A win-win all around

Adorned with works by the famed glass sculptor Dale Chihuly, the bar at the Ritz-Carlton hotel in Singapore sits just off the lobby, to the right as you walk in. Management insists on keeping the bar chilled to levels inspired by a meat locker. Drinks were crazy expensive ($13 for a pot of green tea). The piano could be just a touch loud at night. Even so, the bar was without question the place to see and be seen during the recently concluded Youth Olympic Games.

Some number from the United States Olympic Committee proved bar regulars during the Youth Games. Indeed, let it be noted that the USOC crew actually shut the bar down late one night.

So Thursday's announcement that the USOC and the International Olympic Committee had come to an agreement over the USOC share of what in Olympic jargon are called "Games costs" comes not as a surprise. Instead, it's the logical extension of what happens when you invest in relationships and in playing the game the way it has to be played within the wider Olympic movement.
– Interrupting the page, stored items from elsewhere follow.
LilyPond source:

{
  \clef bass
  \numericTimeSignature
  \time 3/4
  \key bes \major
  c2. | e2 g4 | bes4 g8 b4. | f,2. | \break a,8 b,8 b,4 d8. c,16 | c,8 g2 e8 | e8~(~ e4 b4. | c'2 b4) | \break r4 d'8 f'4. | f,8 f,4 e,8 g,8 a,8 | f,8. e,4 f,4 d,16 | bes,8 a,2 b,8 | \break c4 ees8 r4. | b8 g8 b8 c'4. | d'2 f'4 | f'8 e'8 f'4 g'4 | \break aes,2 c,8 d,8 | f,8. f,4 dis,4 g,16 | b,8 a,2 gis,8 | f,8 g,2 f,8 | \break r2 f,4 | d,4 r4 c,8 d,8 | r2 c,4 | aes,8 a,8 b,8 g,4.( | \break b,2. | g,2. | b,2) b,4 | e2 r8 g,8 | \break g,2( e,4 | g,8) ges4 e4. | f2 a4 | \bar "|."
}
Though terms were not formally announced, the USOC will pay about $18 million to help pay for anti-doping programs, operations of the Court of Arbitration for Sport and other administrative costs.

To be clear: the agreement is a win-win all around.
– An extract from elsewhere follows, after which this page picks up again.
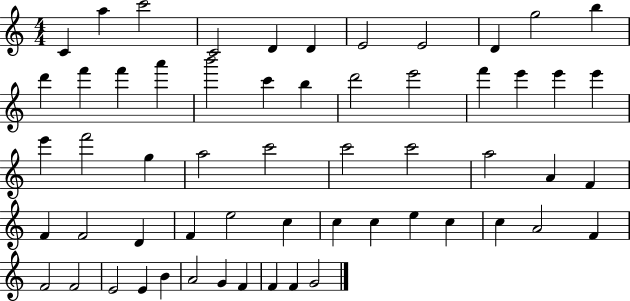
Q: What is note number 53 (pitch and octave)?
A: A4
It's unequivocally a win for the USOC.

Why? Because it underscores the willingness on the part of chairman Larry Probst and chief executive Scott Blackmun to reach out to the IOC. Each has said repeatedly in recent months that they would deal with the IOC in good faith; the deal makes real that talk.

Probst and Blackmun worked seamlessly as a team, and both deserve credit for that, too.

Probst, for his part, gets it now -- how he, as the chairman, and thus the senior American figure on the scene, is the one who absolutely has to be at certain meetings with certain IOC figures for any progress to be achieved.

Blackmun is the one appropriately hammering out the particulars.

Moreover, the USOC's annual assembly comes in two weeks, in Colorado Springs. Now Probst and Blackmun will get to stand up before the USOC's many stakeholders and announce they have delivered on their promise to make progress with the IOC.

At the same time, the announcement Thursday indisputably marks a major win for the IOC, too.

Why? Because it acknowledges that the Olympic movement is stronger and better off all around when the USOC and IOC are in it together, and that the IOC is -- without question -- committed to that proposition.

IOC leadership now gets to go to a major conference in October in Acapulco, at which its policy-making executive board will mingle with officials from the more than 200 national Olympic committees from around the world, and announce progress in the relationship with the USOC.

It's why the bar scene in Singapore proved so intriguing.

It's not that the deal itself was struck in the bar.

It's the recognition of how things get done in the Olympic scene, where relationships are everything.

Indeed, the deal that was announced Thursday marks the culmination of meetings that began in Denver in 2009, then continued in Vancouver at the Winter Games earlier this year, and then again in Switzerland earlier this summer, and then came together in Singapore.

The outlines of the deal were largely worked out in Vancouver.

Intriguingly, it's more or less a deal of the sort that could have been worked out five or six years ago -- which would have completely re-framed a great many things, including perhaps Chicago's bid for the 2016 Summer Games, an effort that all along had to contend with some level of contentiousness within the wider IOC membership about the USOC's finances.

Chicago was booted in the first round of IOC voting last October; Rio de Janeiro won.

So why did the deal that was largely framed up in Vancouver had to wait a few more months to be finalized?

The answer: to develop the two IOC top-tier sponsorship deals that were announced this summer, with Proctor & Gamble and with Dow Chemical, and in particular the Dow deal. P&G was already a USOC sponsor; adding Dow, though, gives the USOC new revenues, and allows for considerably more flexibility.

Now the focus shifts to Part Two of the USOC-IOC finances -- the USOC's 20 percent share of worldwide marketing revenues and 12.75 percent cut of U.S. broadcast rights fees.

The two sides agreed in Denver that they would commence negotiations in 2013 on a new formula that would kick off in 2020.

The announcement Thursday enables them to start those talks sooner.

And start sooner they must. It's in everyone's interest for Part Two to get resolved while Jacques Rogge is the IOC president; his term expires in 2013.

See you in the bar in Acapulco, amigos.